Web Scraping Tmdb
Web Scraping Popular Television Shows on TMDB (themoviedb.org)
data source: TMBd website (https://www.themoviedb.org)
A disclaimer before beginning, many websites restrict or outright bar scraping of data from their pages. Users may be subject to legal ramifications depending on where and how they attempt to scrape information. Many sites have a devoted page to noting restrictions on data scraping at www.[site].com/robots.txt. Be extremely careful if looking at sites that house user data — places like facebook, linkedin, even craigslist, do not take kindly to data being scraped from their pages. When in doubt, please contact with teams at sites.

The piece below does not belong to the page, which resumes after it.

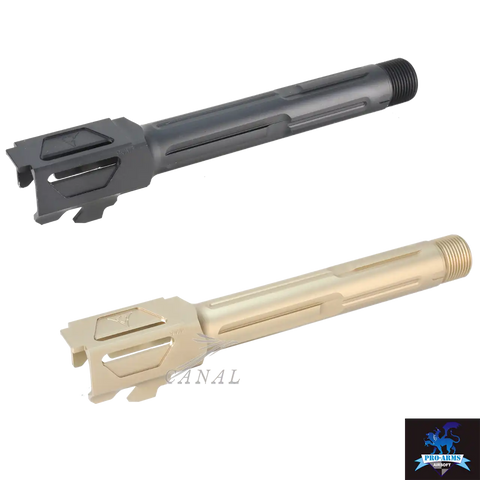 [Pro-Arms] Glock17 Killer Innovations Velocity アウターバレル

The Movie Database (TMDb) is a community-driven website about movies and television shows database. The community has added every piece of data since 2008. Users can search for their desired topics and discover what they like after browsing a large amount of data. Users can also contribute to the TMDb community by giving reviews and their scores to certain shows for the benefits of the community. In summary, TMDb is an excellent website for someone like me who wanted to practice web scraping skills.

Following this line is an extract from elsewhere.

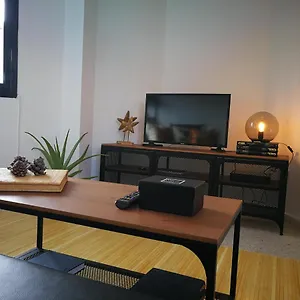  Apartment Playa De Levante Spain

For the purpose of this project, we will retrieve information from the page of ’Popular TV Shows’ using web scraping: a process of extracting information from a website programmatically. Web scraping isn’t magic, and yet some readers may grab information on a daily basis. For example, a recent graduate may copy and paste information about companies they applied for into a spreadsheet for job application management.

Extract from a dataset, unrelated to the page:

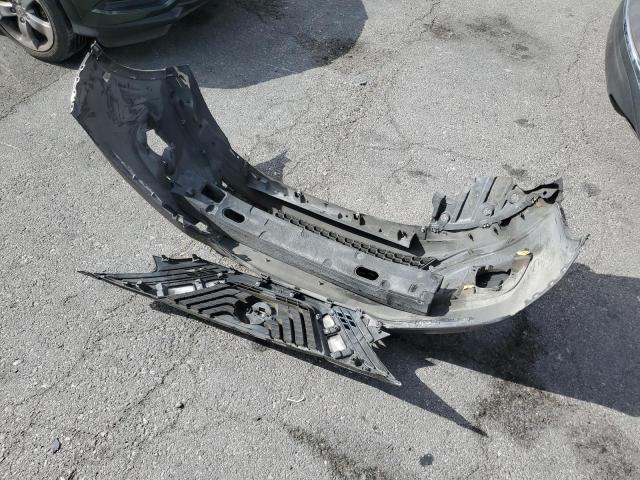 2018 NISSAN MURANO S #3296479638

The project goal is to build a web scraper that withdraws all desirable information and assemble them into a single CSV. The format of the output CSV file is shown below:
|1||The Falcon and the Winter Solider||19 Mar 2021||78%||..||...|
|2||The Good Doctor||25 Sep 2017||86%||...|
Here is an outline of the steps we'll follow.
- Doanload the webpage using
- Parse the HTML source code using
- Building the scraper components
- Complie extracted information into Python list and dictionaries
- Write information to CSV files
- Extract and combine data from multiple pages
- Future work and references
How to run the code
This tutorial is an executable Jupyter notebook hosted on Jovian. You can run this tutorial and experiment with the code examples in a couple of ways: using free online resources (recommended) or on your computer.
Option 1: Running using free online resources (1-click, recommended)
The easiest way to start executing the code is to click the Run button at the top of this page and select Run on Binder. You can also select "Run on Colab" or "Run on Kaggle", but you'll need to create an account on Google Colab or Kaggle to use these platforms.
Option 2: Running on your computer locally
To run the code on your computer locally, you'll need to set up Python, download the notebook and install the required libraries. We recommend using the Conda distribution of Python. Click the Run button at the top of this page, select the Run Locally option, and follow the instructions.
Jupyter Notebooks: This tutorial is a Jupyter notebook - a document made of cells. Each cell can contain code written in Python or explanations in plain English. You can execute code cells and view the results, e.g., numbers, messages, graphs, tables, files, etc., instantly within the notebook. Jupyter is a powerful platform for experimentation and analysis. Don't be afraid to mess around with the code & break things - you'll learn a lot by encountering and fixing errors. You can use the "Kernel > Restart & Clear Output" menu option to clear all outputs and start again from the top.